Excerpts from Unguarded Gates - A History of America's Immigration Crisis
by Otis L. Graham, Jr.
Introduction
The American future is shaped by many complex forces. One of the most powerful - immigration - is, on balance, now taking America where it doesn't want to go-toward porous borders and uncontrolled entry, endless population growth, imported-worker competition with American labor, social fragmentation.
To understand how we have moved onto a road to a more troubled future we need to turn to our history.
This is so because our predicament finds us as a nation confused and misguided by our historical memories and myths, which tell us a flawed and misleading story, that immigration has always taken us where we wanted to go.
This is confusing because it is part of the truth, but only a part. Immigration of Europeans, Latin Americans, Asians, and others, as well as the forced immigration of many Africans, on balance and over the course of our colonial and national experience did advance economic development and nation-building, which was where we wanted to go.
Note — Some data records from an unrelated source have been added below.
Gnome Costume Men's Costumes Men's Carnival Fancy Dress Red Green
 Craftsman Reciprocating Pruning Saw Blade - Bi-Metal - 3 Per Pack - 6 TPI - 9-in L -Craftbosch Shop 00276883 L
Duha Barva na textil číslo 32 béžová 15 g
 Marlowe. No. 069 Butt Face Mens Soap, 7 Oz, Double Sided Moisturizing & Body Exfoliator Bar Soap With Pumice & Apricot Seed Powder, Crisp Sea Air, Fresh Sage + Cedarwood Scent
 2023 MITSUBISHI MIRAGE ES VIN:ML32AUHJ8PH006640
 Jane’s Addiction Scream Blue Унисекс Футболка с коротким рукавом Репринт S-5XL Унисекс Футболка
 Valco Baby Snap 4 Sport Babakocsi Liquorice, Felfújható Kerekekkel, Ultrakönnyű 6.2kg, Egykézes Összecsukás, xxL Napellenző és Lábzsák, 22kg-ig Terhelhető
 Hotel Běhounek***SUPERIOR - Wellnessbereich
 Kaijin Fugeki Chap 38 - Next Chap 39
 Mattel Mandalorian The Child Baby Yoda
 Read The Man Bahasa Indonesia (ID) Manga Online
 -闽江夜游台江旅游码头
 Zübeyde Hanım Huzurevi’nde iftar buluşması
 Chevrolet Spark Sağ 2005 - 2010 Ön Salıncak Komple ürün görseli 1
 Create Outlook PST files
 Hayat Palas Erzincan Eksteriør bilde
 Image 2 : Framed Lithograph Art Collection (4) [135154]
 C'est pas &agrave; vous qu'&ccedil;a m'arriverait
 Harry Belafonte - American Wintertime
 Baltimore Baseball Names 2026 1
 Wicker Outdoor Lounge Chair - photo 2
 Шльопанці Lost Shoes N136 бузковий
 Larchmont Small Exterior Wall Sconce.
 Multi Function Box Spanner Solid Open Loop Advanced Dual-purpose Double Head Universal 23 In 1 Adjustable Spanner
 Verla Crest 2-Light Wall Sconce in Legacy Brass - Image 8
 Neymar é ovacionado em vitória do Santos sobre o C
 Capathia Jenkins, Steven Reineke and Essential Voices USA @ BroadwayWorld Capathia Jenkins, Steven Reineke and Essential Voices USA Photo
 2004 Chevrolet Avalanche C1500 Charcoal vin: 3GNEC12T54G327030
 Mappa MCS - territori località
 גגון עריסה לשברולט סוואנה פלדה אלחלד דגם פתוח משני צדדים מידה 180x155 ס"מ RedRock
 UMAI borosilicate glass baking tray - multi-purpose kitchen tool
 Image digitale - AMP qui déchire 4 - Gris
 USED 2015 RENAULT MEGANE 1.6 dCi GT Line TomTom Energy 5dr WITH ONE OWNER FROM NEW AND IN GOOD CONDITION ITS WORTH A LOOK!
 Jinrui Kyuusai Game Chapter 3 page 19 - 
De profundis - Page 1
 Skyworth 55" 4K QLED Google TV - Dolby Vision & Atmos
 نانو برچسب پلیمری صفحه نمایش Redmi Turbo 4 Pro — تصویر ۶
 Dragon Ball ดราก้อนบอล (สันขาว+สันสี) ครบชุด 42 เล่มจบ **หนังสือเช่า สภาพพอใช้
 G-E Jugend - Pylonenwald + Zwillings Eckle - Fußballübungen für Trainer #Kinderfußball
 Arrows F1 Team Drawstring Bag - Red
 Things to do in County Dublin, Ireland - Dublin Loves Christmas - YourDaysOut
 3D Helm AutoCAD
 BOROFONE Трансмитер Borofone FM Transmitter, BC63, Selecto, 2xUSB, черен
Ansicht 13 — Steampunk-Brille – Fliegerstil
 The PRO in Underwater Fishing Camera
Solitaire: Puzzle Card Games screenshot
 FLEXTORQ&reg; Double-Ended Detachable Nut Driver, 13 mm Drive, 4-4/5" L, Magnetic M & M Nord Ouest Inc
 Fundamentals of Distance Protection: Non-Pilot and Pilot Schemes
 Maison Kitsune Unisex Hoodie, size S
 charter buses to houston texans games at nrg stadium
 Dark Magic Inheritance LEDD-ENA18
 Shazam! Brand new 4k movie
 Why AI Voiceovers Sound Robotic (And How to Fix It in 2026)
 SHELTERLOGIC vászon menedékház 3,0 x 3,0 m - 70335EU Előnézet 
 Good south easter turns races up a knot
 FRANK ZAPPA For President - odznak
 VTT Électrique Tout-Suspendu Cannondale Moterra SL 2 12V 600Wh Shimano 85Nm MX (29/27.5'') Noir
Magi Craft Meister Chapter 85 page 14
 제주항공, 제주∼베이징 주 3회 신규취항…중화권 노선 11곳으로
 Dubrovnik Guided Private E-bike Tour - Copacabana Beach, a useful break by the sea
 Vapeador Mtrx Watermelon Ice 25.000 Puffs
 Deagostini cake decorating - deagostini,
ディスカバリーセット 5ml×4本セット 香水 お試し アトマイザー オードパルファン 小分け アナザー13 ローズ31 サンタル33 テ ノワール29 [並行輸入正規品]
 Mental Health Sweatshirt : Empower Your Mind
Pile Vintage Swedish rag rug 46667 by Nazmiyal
As a people we feel justifiably proud of this achievement (on the whole) and have long recognized that the Americans engaged in this nation-building were immensely aided by newcomers bringing renewed energy and their own cultural contributions.
On balance. The rest of the truth is that immigration's potential has a negative component, whose costs sometimes appear to exceed benefits. Immigration to the New World brought enormous injury to indigenous populations and the natural environment. In the nineteenth century immigration reached a scale and composition that brought or exacerbated substantial problems among Americans already here and seemed to many of them to actually threaten the unique national project of democratic nationbuilding. An extended period of such problematic immigration began in the decades before the Civil War, as a Great Wave of European immigration brought an unprecedented large number from Germany and Ireland. The flow of immigrants resumed after the war with source regions shifting to eastern and southern Europe. This era of mass immigration, substantial in numbers and also very different in cultural inheritances, generated in American political life a demand for control over this source of immense social change.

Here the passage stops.